At first glance, yes. However, upon taking a closer look at each of the murals, my answer has changed to definitely yes one hundred times yes. There are too many murals of Leonard Cohen in Montreal.
How can it be that Leonard Cohen has two whole murals of himself in Montreal while I barely have one of myself in my own home? Leonard Cohen is undeniably a Canadian-Jewish legend. I merely regret the implication that he is the only celebrity worthy of not one but two 20-story high portraits. In fact, I find quite a few faults with these murals. I will explain them to you throughout this article.

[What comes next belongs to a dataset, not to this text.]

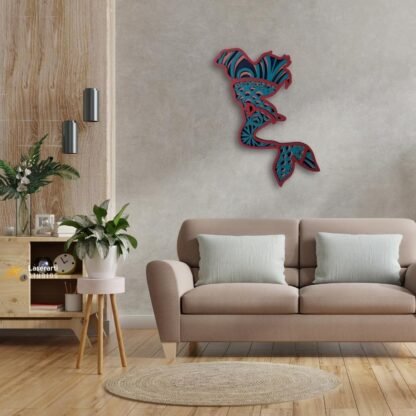 Oceanic Dream Mermaid Wall Decor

Here is the first complaint I have about the two (2) Leonard Cohen murals. Why must they be so far from each other? In completing my research for this article I ventured to visit both of the—let’s just say it—nearly identical murals. The Crescent Street mural is a whopping 40-minute walk away from the one on St. Laurent. Despite my supreme athleticism, I only made it halfway to the first.
This may sound crazy, but it almost feels as though the murals are mocking me. I could’ve sworn that I heard one whisper, “Hey, you! Noa Garmaise. I am the Crescent Leonard Cohen and I am talking to you. You do not look very tall.” Such a strange occurrence that I must discount it completely! Certainly there is no way that one of the two Leonard Cohen murals is verbally interacting with me.
Another issue that I have with the murals is that they are not properly to scale. There is no way that Leonard Cohen was 10,000 square feet. I never met him in person, but Leonard Cohen was a Jewish guy and I find it therefore unlikely that he was even above 7 feet tall.
Simply put, the murals do not speak to me. Artistically, that is. In the more literal sense, yes, they speak to me all the time, and I am beginning to wonder if anyone else can hear them too. I brought my roommate Suhani to the murals, and we did not hear a peep from either of the Cohens. Suhani did however turn to me and ask, “Why did you bring me to this painting of Anthony Bourdain?” I am beginning to wonder if the murals don’t want me sharing our special secret—that they are talking to me in modern English on what is now becoming a regular basis.
To be fully honest, I am not only concerned because the murals are talking to me. I communicate with art almost every day. The situation has escalated and the murals have now started to ask things of me. Terrible things. On my last visit to the Crescent Street mural, I heard whispering, quieter than usual, telling me not to study for my Strategic Management midterm.
A third grievance I have with the Leonard Cohen murals is that there are other Canadian-Jewish celebrities also deserving of a bit of paint. Have the kind people of Montreal ever heard of a little someone called Finn Wolfhard? He is neither from Montreal nor passed on from this earth, but doesn’t he deserve a bit of love too?
“Don’t study. Do not make flashcards. By no means buy and then read the textbook. I am the answer, I am the answer.” The murals are getting louder. More aggressive now. I can’t say I am not scared. I’ve toured lots of street art in my time, but typically it tells me to write an outline for my essays early so that I am not stressed and cramming at the last minute. But this. This is beyond me.
“I am the answer, I am the answer.” I hear the words of the 1+1 Leonard Cohen murals echoing in my ears as I flip open my Strategic Management midterm. Forget all that now, I tell myself. For it is time to write a test. I look at the first and only question: WHICH JEWISH CELEBRITY HAS TWO MURALS OF HIMSELF IN THE CITY OF MONTREAL? Leonard Cohen murals, you beautiful bastards! You were right all along. You are the answer. I did not need to study. I finally understand the value of these pieces of art. They are all knowing, good at commerce, and artistically meaningful.